Są
tematy, nad którymi nie zastanawiamy się dopóki nas nie dotyczą.
Żyjemy wtedy tak, jakby ich po prostu nie było. Kiedy sytuacja się
odmienia, nagle w myślach przewijamy jeden i ten sam temat, ten
który aktualnie nas mocno dotyczy. Przeglądamy go, obracamy jakby
od tego miał stać się łatwiejszy... Czasami takie zachowanie
rzeczywiście pomaga i nagle okazuje się, że nie ma potrzeby aż
tak intensywnie go wałkować. Dokładnie tak wygląda sprawa z
wiernością. Wchodząc w związek zakochani nie zaprzątają sobie
myśli taką tematyką. Jest dla nich bowiem jasne, że są dla
siebie jedyni...
„Wierność
jest trudna” to drugi po „Ja chyba zwariuję!” tom serii
„Miłość i inne szaleństwa”.
Tym
razem na piedestale staje Eliza, siostra Niny, którą czytelniczki
poznają w tomie pierwszym.
Dziewczyna
spełnia się w pracy: dwa razy w tygodniu z dziećmi autystycznymi a
w pozostałe dni spędza czas z maluchami na świetlicy w szkole
podstawowej. W czasie wolnym zaś przygotowuje się na najważniejszy
dzień w swoim życiu. Wydaje się, że Paweł jest idealnym
kandydatem na męża. Wszyscy z otoczenia dziewczyny, z małym
wyjątkiem, kibicują temu związkowi.

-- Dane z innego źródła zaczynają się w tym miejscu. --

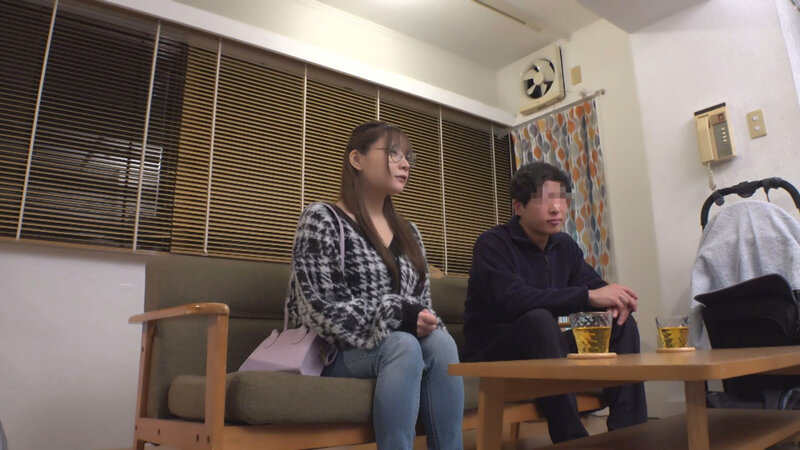 NTRドッキリ企画！マジックミラーパネルPart5 出産してるのにイッたことが無い！？産後マ〇コを開発＆ナマハメ中出し 奥手ママが媚薬でガンギマリ潮吹きアクメスペシャルのサムネイル画像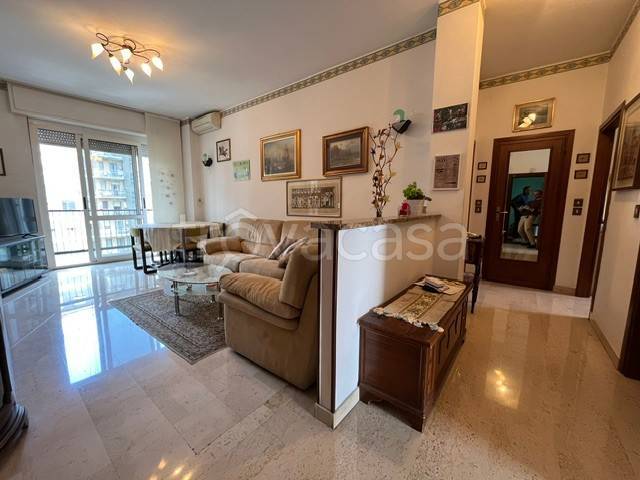 appartamento in vendita a Milano in zona Barona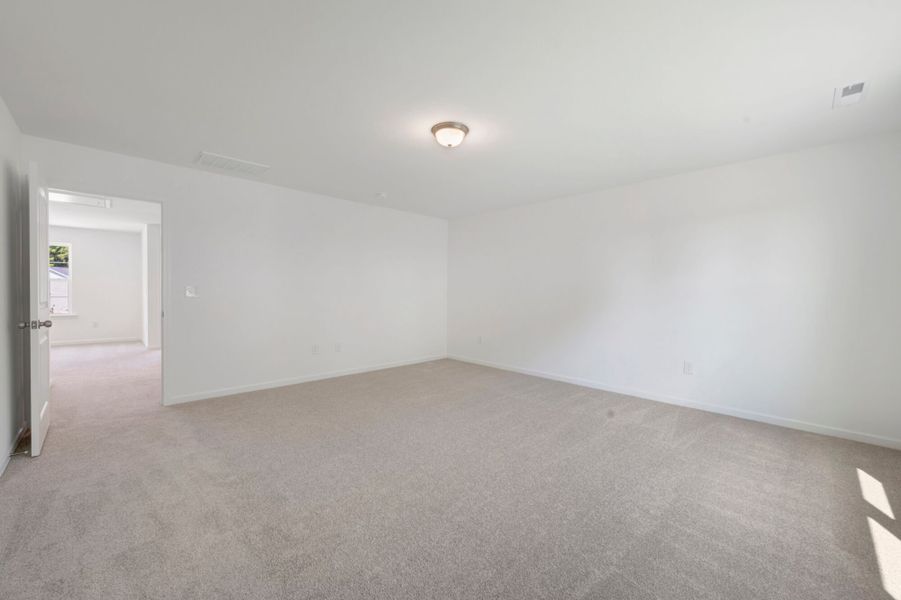 Spacious, unfurnished interior of a new home in Providence Creek, Fuquay Varina (Image 27).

Dotychczasowe spokojne życie
Elizy jednak niespodziewanie przybiera inny obrót. Na drodze
dziewczyny staje przystojny motocyklista, Szczepan, obok którego
trudno przejść obojętnie. Kiedy do tego dojdzie również
Patrycja, siostra Elizy i to bliźniaczka, której w głowie także
zawrócił Szczepan, dziewczyny naprawdę będą miały spory orzech
do zgryzienia.
No
i jak to jest w końcu z tą wiernością? Czy Eliza zdoła oprzeć
się urokowi Szczepana i stanie na ślubnym kobiercu obok Pawła,
który poza narzeczoną nie widzi świata? A może nagłe zauroczenie
okaże się tak silne, że żadna siła nie będzie w stanie
sprowadzić dziewczynę na ziemię?
Bardzo
przyjemna lektura. Idealna na jeden wieczór, na odstresowanie, jako
odskocznia od krwawych kryminałów. Choć to część druga serii, z
powodzeniem można czytać bez znajomości jej poprzedniczki. Nie
spodziewajcie się Państwo po niej wiele. To typowo kobieca,
sielankowa lektura, nie mniej jednak warto zaznaczyć, iż
bohaterowie powieści zostali przestawieni w pełnej krasie.
Czytelnik zaznajamia się z ich uczuciami, wątpliwościami. Agata
Przybyłek owszem nie porwała się na nic odkrywczego ale też nie
stworzyła płytkiej historii i za to wielki plus.